Tuesday, October 26, 2010

Book Plug: Fixing Global Finance

I’ve an awful lot of research papers that I want to highlight, in addition to going through the ETP proposals in detail. As such there won’t be any posts for the next couple of days, so in the interim, I’d just like to showcase a book and a working paper that supports it.

Back in July, I highlighted an article on VoxEU regarding the imposition of capital controls in East Asia. The author got in touch with me, and has now published a book on the subject:

Fixing Global Finance
A Developing Country Perspective on Global Financial Reforms
Kavaljit Singh

The financial crisis which erupted in mid-2007 has been widely viewed as the most serious financial crisis since the Great Depression of the 1930s. The crisis which originated in developed countries quickly spread to developing countries and the rest of the world. The turbulence in financial systems was followed by a significant reduction in real economic activity throughout the world. The crisis has highlighted that financial markets are inherently unstable and market failures have huge economic and social costs. The crisis has renewed debate on the role of global finance and how it should be regulated.

The aim of this book is to encourage and stimulate a more informed debate on reforming the global finance. It examines recent developments and problems afflicting the global financial system. From a developing country perspective, it enunciates guiding principles and offers concrete policy measures to create a more stable, equitable and sustainable global financial system. Several innovative measures have been proposed to reform the global finance and to ensure that it serves the real economy.

I haven’t read it yet – one more for the reading list – but it’s a free download for a limited period (direct pdf link here, publisher’s site here).
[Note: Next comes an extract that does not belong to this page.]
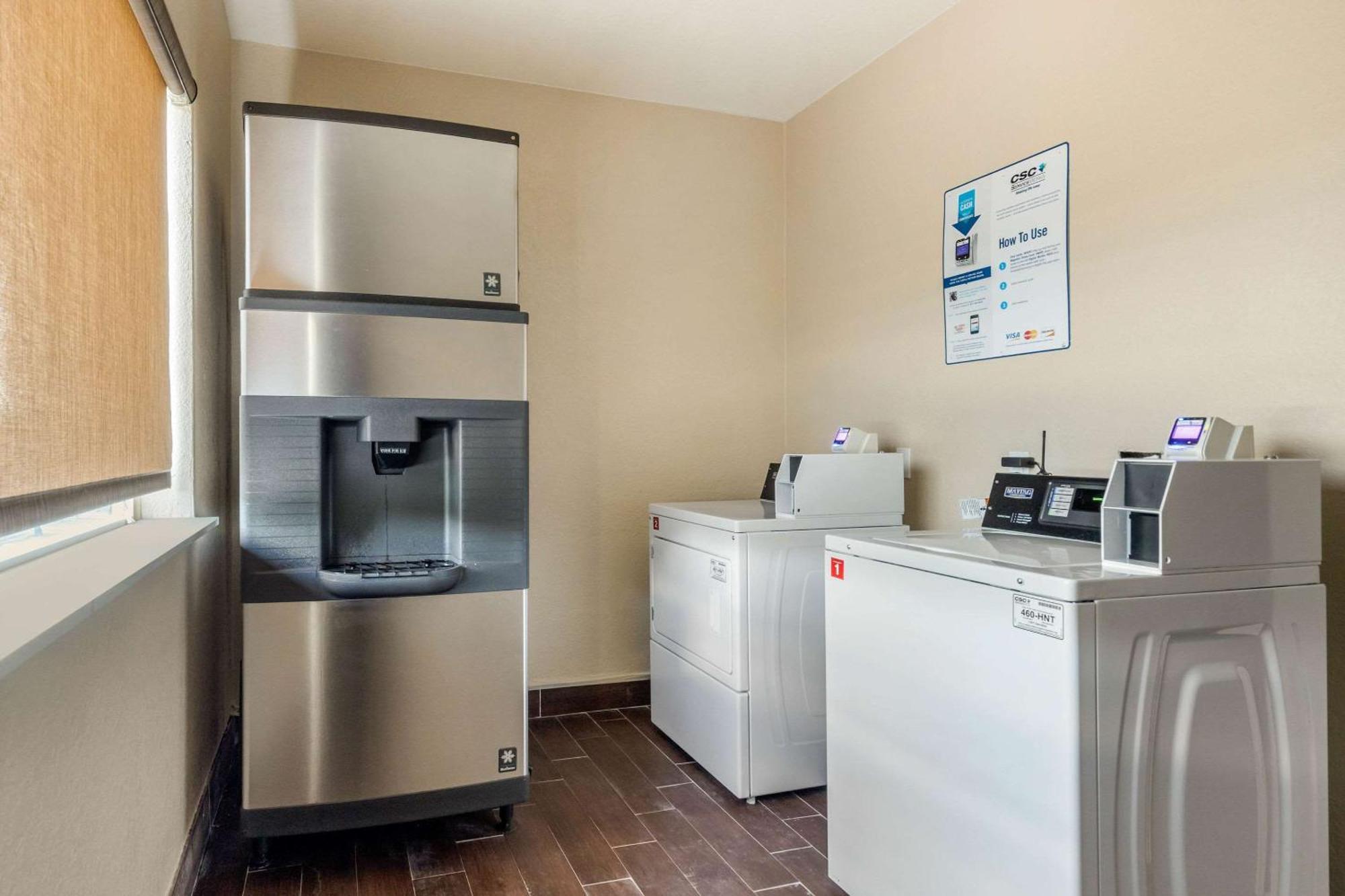 Comfort Suites San Antonio Airport North Zewnętrze zdjęcie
Worth going through, especially in light of the “currency wars” going on right now.

Interestingly enough, here’s a working paper that came out yesterday in the latest batch of research from the NBER, that underscores the issues raised in the book (abstract):

Composition of Capital Flows: A Survey
Koralai Kirabaeva, Assaf Razin

We survey several key mechanisms that explain the composition of international capital flows: foreign direct investment, foreign portfolio investment and debt flows (bank loans and bonds). In particular, we focus on the following market frictions: asymmetric information in capital markets and exposure to liquidity shocks. We show that the information asymmetry between foreign and domestic investors leads to inefficient investment allocation and borrowing in a country that finances its domestic investment through foreign debt or foreign equity. Exposure to liquidity shocks due to the mismatch of debt maturity may induce banking crises and cause sudden reversals of short-term capital flows. When there is asymmetric information between sellers and buyers in the capital market, then due to the adverse selection foreign direct investment is associated with higher liquidation costs than portfolio investment. The difference in exposure to liquidity shocks (in addition to asymmetric information) can explain the composition of equity flows between developed and emerging countries, and the patterns of foreign direct investments during financial crises.
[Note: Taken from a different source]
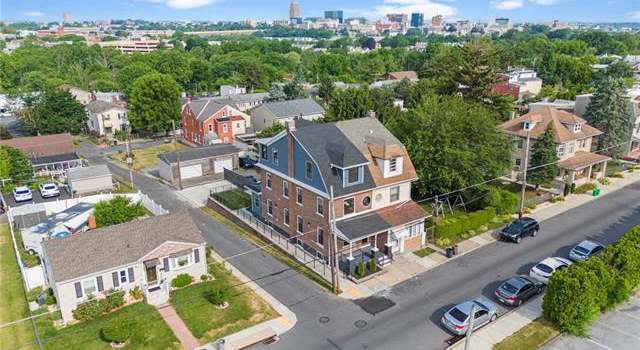 Photo of 942 S Race St, Allentown City, PA 18103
Translation: short-term portfolio flows suck.

Technical Notes:

  1. Kavaljit Singh, "Fixing Global Finance: A Developing Country Perspective on Global Financial Reforms", Madhyam, 2010 (pdf link)
  2. Kirabaeva, Koralai & Assaf Razin, "Composition of Capital Flows: A Survey", NBER Working Paper No. 16492, October 2010

2 comments:

  1. Hishamh and him may also be interested in:

    http://is.gd/gjwBa

    ReplyDelete
  2. Thanks. The author's actually cited in the report.